2. Naive Bayes Classifier (NB) NB is a generative classifier because it first generate the joint probability P(class, data) then computes the comditional probability P(class|data). The generated probability is a N-values descrete output where N is the number of classes in the response variable (the label), the classificiation is detemined to be the class that holds the largest P(Class|data). Also, regardless of sample size, Naive Bayes always converge faster to its asymptotic error compared to LR, which means it ‘learns’ faster.

3. KNN Classifier KNN is a discriminative algorithm since it directly models the conditional probability P(class|data). The performance of KNN depends on the choice of K and is negatively impacted by the complexity of the variable space (the number of variables) because it directly focusses on the distance between the target data point and the other data points. As variable space because more and more complex, the abstraction of high dimentional distance calculation make the distance not a good representation of the similarty. The data is used in this project only has two predictor variables therefore KNN can performs well.

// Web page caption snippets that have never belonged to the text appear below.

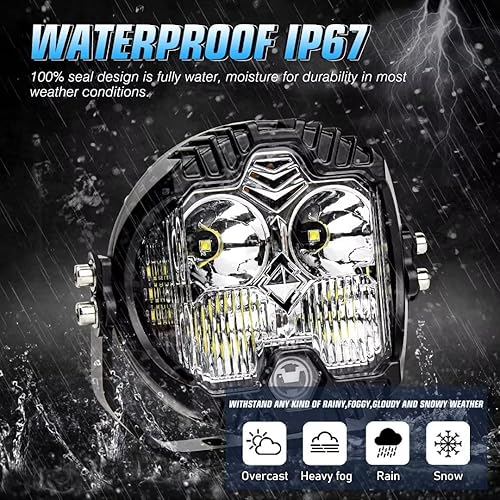 Miniatura 7 de Luces de conducción LED de disparo lateral de 5 pulgadas, color blanco y ámbar, 55 W, 5500 lúmenes, haz combinado de luz antiniebla de trabajo para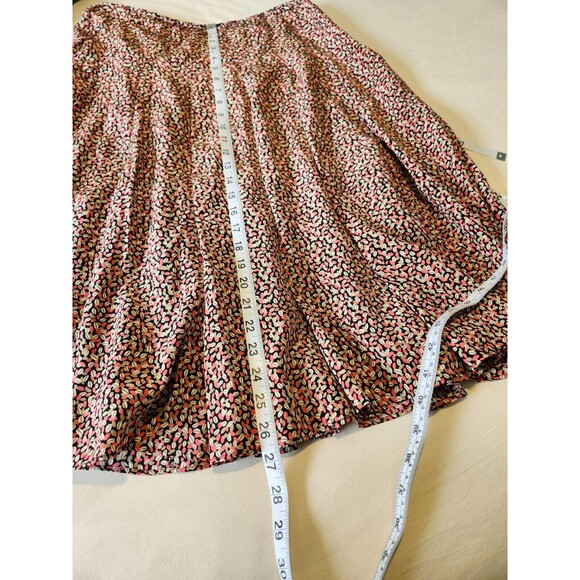 100% Silk Skirt size Large Talbots Pink Black - Picture 7 of 9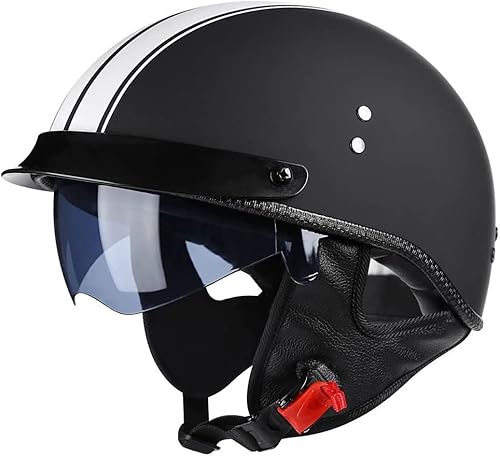 Motorradhelm Retro Motorrad Halbhelme mit Visier Halbschale Jet Helm mit Schutzbrille DOT/ECE-Zugelassen Mofa Motorrad-Helm Chopper Scooter-Helm Offenem Helm für Männer und Frauen ( Color : 3 , Size : von VVPEC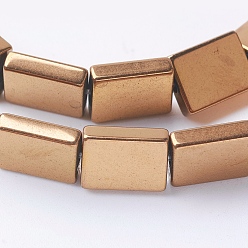 Copper Plated PVD Vacuum Plating Electroplate Non-magnetic Synthetic Hematite Beads Strands, Grade A, Rectangle, Copper Plated, 8x6x2mm, Hole: 1mm, about 50pcs/strand, 15.7 inch(40cm)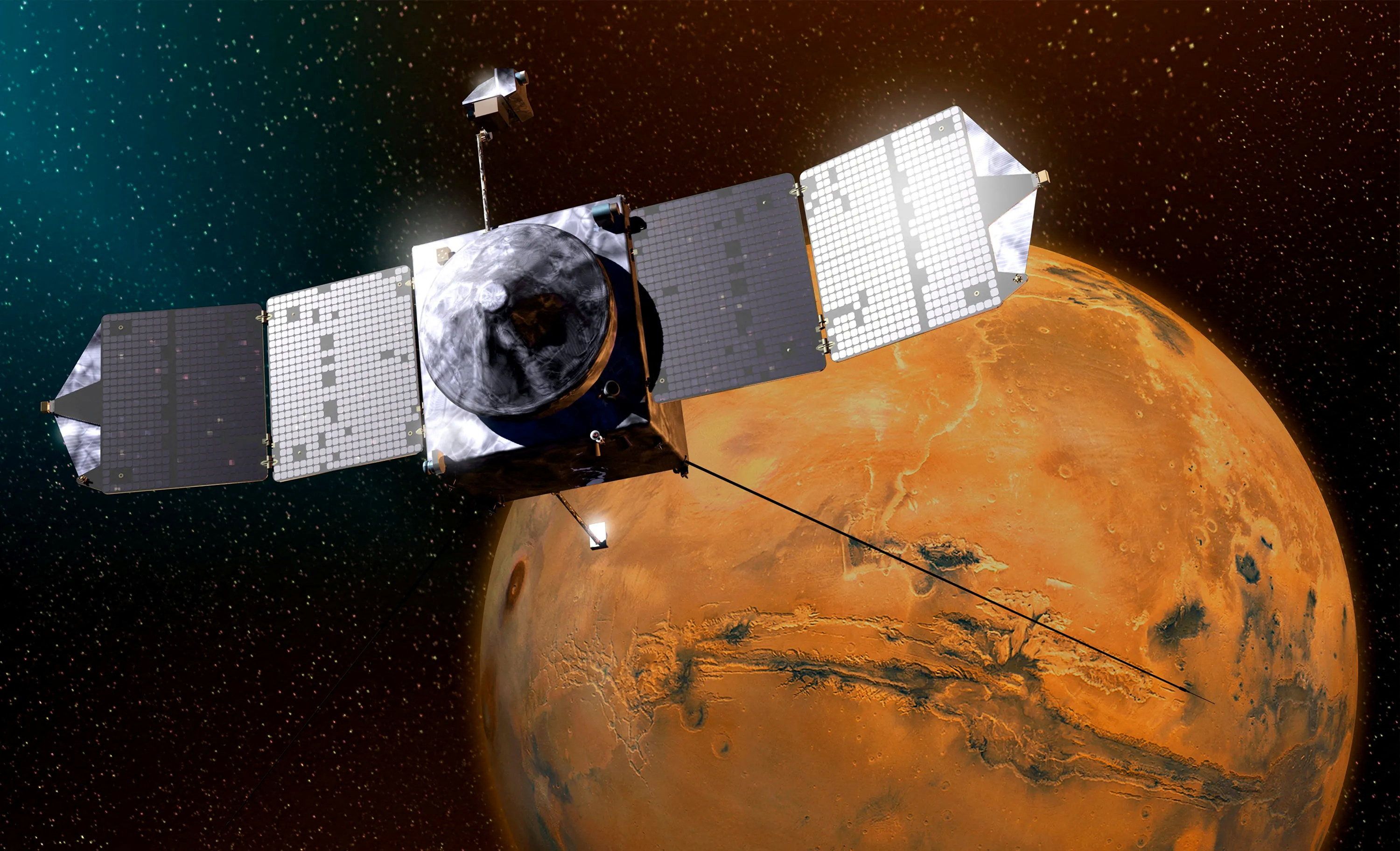 MAVEN (Mars Atmosphere and Volatile EvolutioN) ist eine Forschungssonde der NASA, welche die obere Atmosphäre, die Ionosphäre und die Wechselwirkungen des Mars mit der Sonne untersucht.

6.2.2 Selection of Model that Has Best Capacity to Learn

According to the model performance statistics of the training data, KNN model with K = 3 has the best performance statistics in terms of AUC, Accuracy, TPR, FRP, TNR and FNR, following by KNN with K = 5, Naive Bayes and Logistic Regression in order. Therefore KNN with K = 3 shows it has the best capacity to learn among all models in this project.

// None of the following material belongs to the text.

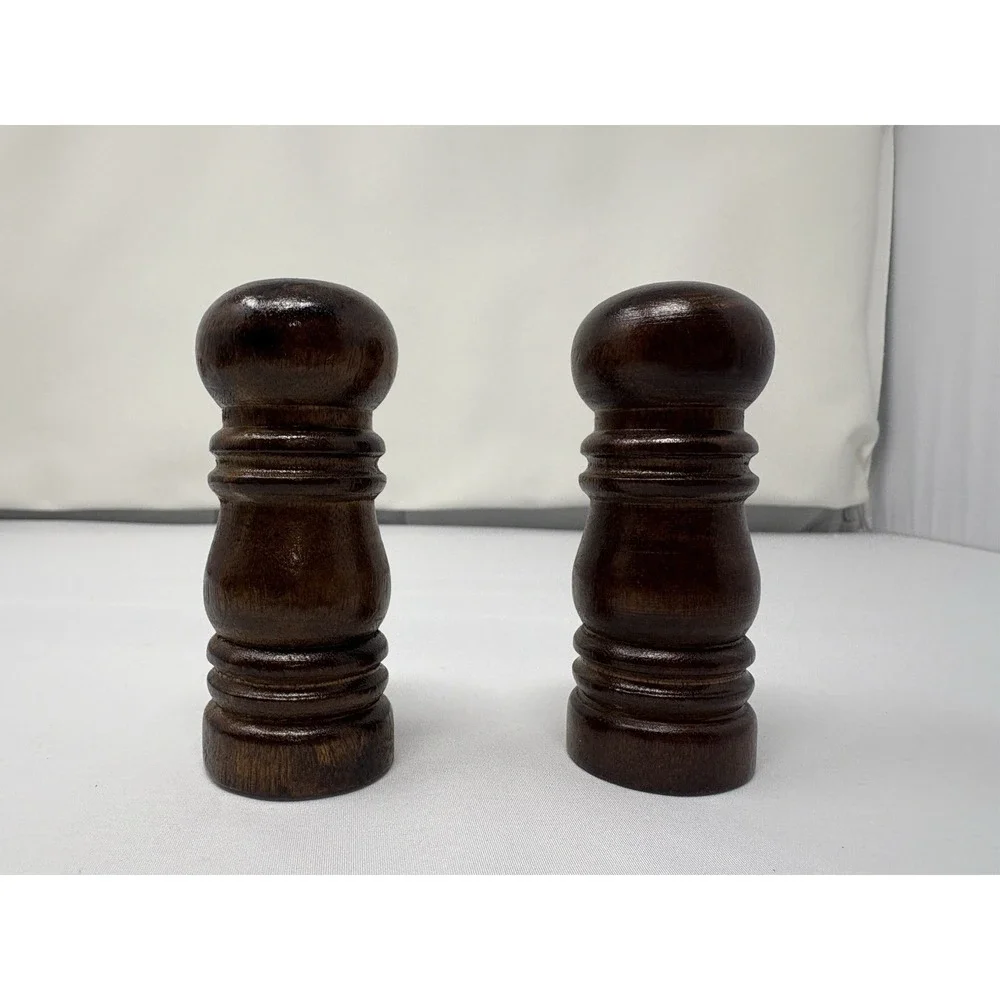 Vintage Turned Dark Wood Grain Wooden Salt & Pepper Shakers Set Small 3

6.2.3 Selection of Model that Has Best Performance on Generalizing.

According to the model performance statistics of the testing data, Naive Bayes (NB) has the best performance statistics in terms of AUC, Accuracy, TPR, FRP, TNR and FNR, following by Logistic Regression, KNN with K = 5 and KNN with K = 3 in order. Therefore Naive Bayes shows it has the best ability to generalize among all models in this project.

However, from business perspective, because the models are built based on a data set which contains only 36 observations, the performance of the models are yet to be further re-evaluated given more data are collected in future business operations.